En outre, le pouvoir donné par l’Accord de Pretoria aux signataires de l’Accord de Linas-Marcoussis de changer leurs représentations au sein de la Commission électorale indépendante (CEI) peut être source d’instabilité en ce qu’il précarise la situation de la Commission et ne lui permet pas de tirer profit de l’expérience accumulée par ses membres actuels depuis sa création, ce qui constitue un risque évident pour l’élection qui a lieu dans moins de sept (7) mois.

Au total, les modifications arrêtées à Prétoria violent de façon flagrante, l’Accord de Linas-Marcoussis où il est simplement question d’organiser une "meilleure représentation des parties prenantes à la table ronde au sein de la Commission centrale de la CEI, y compris au sein du bureau". Elles vont au-délà des revendications du G7 formulées à l’occasion des débats parlementaires et contredisent les conclusions du comité des experts commis par le médiateur.

Le caractère sensible et stratégique des attributions de la Commission électorale indépendante, notamment :

- l’établissement des listes électorales,

- la détermination des circonscriptions électorales et de leur nombre,

- la proposition des dates du scrutin et d’ouverture des campagnes électorales ;

- la réception des candidatures,

- la désignation, la fonction et la révocation des membres des bureaux de vote,

- l’organisation et la supervision des campagnes électorales,

- la proclamation provisoire ou définitive des résultats de toutes les élections ne saurait s’accommoder d’une commission électorale otage du "G7" qui avait ainsi l’occasion rêvée de réussir par la voie électorale, le coup d’Etat qu’il n’a pu réussir ni par la voie armée, ni par la voie constitutionnelle.

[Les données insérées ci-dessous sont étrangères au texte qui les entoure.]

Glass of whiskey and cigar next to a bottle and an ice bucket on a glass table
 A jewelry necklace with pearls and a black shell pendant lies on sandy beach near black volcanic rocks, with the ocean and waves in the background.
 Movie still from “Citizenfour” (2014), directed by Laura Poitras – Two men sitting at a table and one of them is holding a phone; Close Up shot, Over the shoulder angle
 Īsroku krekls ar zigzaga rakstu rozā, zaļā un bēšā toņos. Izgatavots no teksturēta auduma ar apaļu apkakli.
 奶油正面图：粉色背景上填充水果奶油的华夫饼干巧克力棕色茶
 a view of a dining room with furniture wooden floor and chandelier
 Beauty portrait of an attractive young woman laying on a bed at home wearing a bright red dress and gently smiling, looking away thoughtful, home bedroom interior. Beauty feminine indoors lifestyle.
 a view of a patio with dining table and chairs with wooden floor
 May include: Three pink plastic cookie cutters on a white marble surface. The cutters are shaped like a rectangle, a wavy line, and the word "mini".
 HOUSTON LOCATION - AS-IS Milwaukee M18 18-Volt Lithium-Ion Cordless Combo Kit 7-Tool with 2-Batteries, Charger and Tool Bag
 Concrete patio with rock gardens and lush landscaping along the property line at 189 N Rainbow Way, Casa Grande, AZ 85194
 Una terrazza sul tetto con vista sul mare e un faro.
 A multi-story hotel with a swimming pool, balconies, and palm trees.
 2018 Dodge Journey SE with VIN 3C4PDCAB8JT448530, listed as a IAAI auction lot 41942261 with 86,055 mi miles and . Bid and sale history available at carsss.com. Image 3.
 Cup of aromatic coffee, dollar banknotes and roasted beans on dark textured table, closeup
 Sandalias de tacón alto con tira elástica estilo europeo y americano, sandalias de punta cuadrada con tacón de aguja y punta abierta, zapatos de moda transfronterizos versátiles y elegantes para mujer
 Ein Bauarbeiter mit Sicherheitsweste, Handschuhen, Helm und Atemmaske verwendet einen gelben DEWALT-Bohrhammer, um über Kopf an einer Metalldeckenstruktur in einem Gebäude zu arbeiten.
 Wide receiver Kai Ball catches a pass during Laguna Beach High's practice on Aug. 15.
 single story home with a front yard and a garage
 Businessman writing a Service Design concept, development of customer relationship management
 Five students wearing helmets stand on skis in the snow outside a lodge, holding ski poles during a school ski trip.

Ainsi, l’analyse du FPI s’est imposée au Président de la République de Côte d’Ivoire.

Qui veut contrôler l’organisation de l’élection présidentielle ?

Le grand intérêt de l’Accord de Prétoria réside dans le principe permanent du recours au médiateur sur les interprétations de son contenu, confère le point 14, sur l’interprétation de l’Accord :

- les parties signataires conviennent de s’en remettre à l’arbitrage du médiateur en cas de différence d’interprétation sur tout ou partie de l’Accord de Pretoria.

Pourquoi donc le président Laurent Koudou Gbagbo n’a-t-il pas actionné cette clause en saisissant le médiateur Thabo MBeki sur l’organisation de l’élection présidentielle ? En dessaisissant la CEI de sa mission portant sur l’établissement de listes électorales, ne crée-t-il pas une crise dans la sortie de la crise recherchée ? N’est-ce pas cette même CEI ouverte à d’autres composantes politiques qui a organisé l’élection présidentielle de 2000 qui a eu pour vainqueur Laurent Koudou Gbagbo ? Cette CEI était-elle à la solde du FPI ? Tout le laisse croire. Alors Robert Guéi a donc eu raison de dénoncer la victoire de Laurent Koudou Gbagbo à l’élection présidentielle de 2000. Que l’histoire est cruelle !

La présence d’un représentant des Nations unies au sein de la CEI ne vise-t-elle pas à garantir l’impartialité de la structure en charge de l’élection ? Laurent Koudou Gbagbo ne cache-t-il pas mal sa peur d’une élection présidentielle propre et transparente ?

La volonté du camp Gbagbo de contrôler le processus électoral est manifeste. Si ses partisans dénoncent la CEI et considèrent qu’elle peut être prise en otage par le G7, ils expriment leur désir de vouloir caporaliser la structure en charge d’organiser l’élection présidentielle.

Laurent Koudou Gbagbo traduit cette réalité en acte concret en donnant des pouvoirs à l’INS pour l’établissement des listes électorales. Le président ivoirien doit éviter de vouloir sortir son pays de la "crise de l’ivoirité" tout en imposant au peuple ivoirien, une nouvelle "crise électorale".

L’exploitation unilatérale et déraisonnée de l’article 48 de la Constitution qui lui accorde des pouvoirs exceptionnels est à proscrire, au risque d’ouvrir une ère de dictature en Côte d’Ivoire et de plonger le pays dans une instabilité durable.